The root of prayer is interior silence. Though we may think of prayer as thoughts or feelings expressed in words, this is only one expression. Contemplative Prayer is a prayer of silence, an experience of God's presence as the ground in which our being is rooted, the Source from whom our life emerges at every moment.
For the Church's first sixteen centuries Contemplative Prayer was the goal of Christian spirituality. After the Reformation, this living tradition was virtually lost. Today, with cross-cultural dialogue and historical research, the recovery of the Christian Contemplative Tradition has begun. The method of Centering Prayer, in the tradition of Lectio Divina (praying the scriptures) is contributing to this renewal.
Centering Prayer is meant to enrich and complement other forms of prayer, not to exclude or replace them. Centering Prayer is at the same time a relationship with God and a discipline to foster that relationship.
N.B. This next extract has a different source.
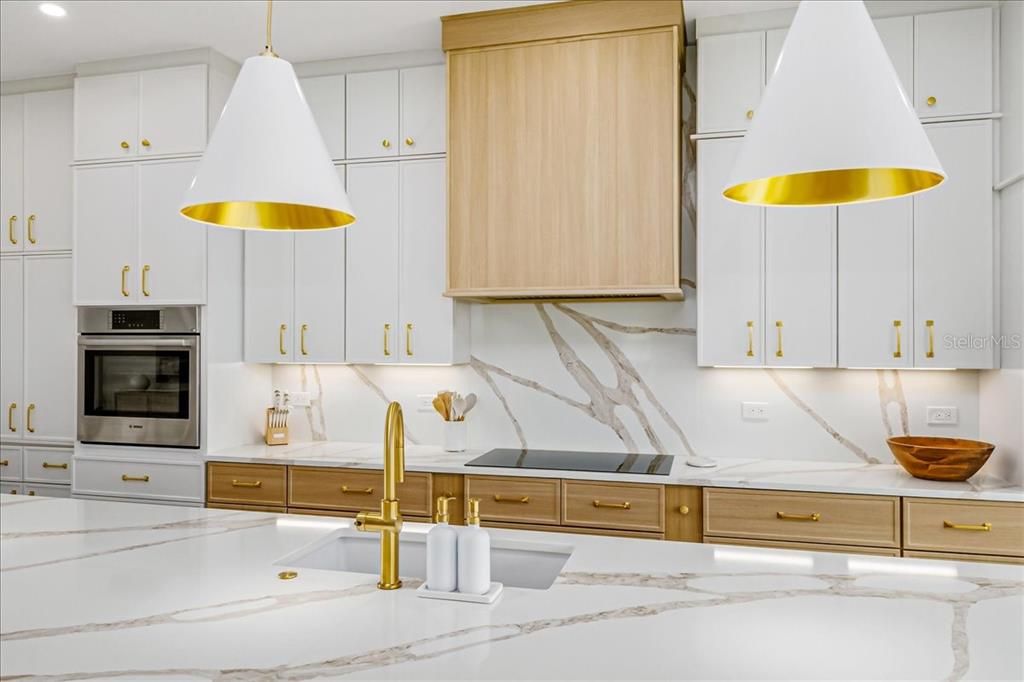 Interior, Kitchen, Pendant Lights, Recessed Lighting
It is Trinitarian in its source, Christ-centred in its focus, and ecclesial in its effects; that is, it builds communities of faith and bonds the members together in charity.
Centering Prayer is drawn from ancient prayer practices of the Christian Contemplative Heritage, notably the Fathers and Mothers of the Desert, the monastic practice of Lectio Divina (praying the scriptures), the Cloud of Unknowing, St. John of the Cross, and St. Theresa of Avila. It was distilled into a simple method of prayer in the 1970's by three Trappist monks, Fr. William Meninger, Fr. Basil Pennington and Abbot Thomas Keating at St. Joseph 's Abbey in Spencer , Massachusetts.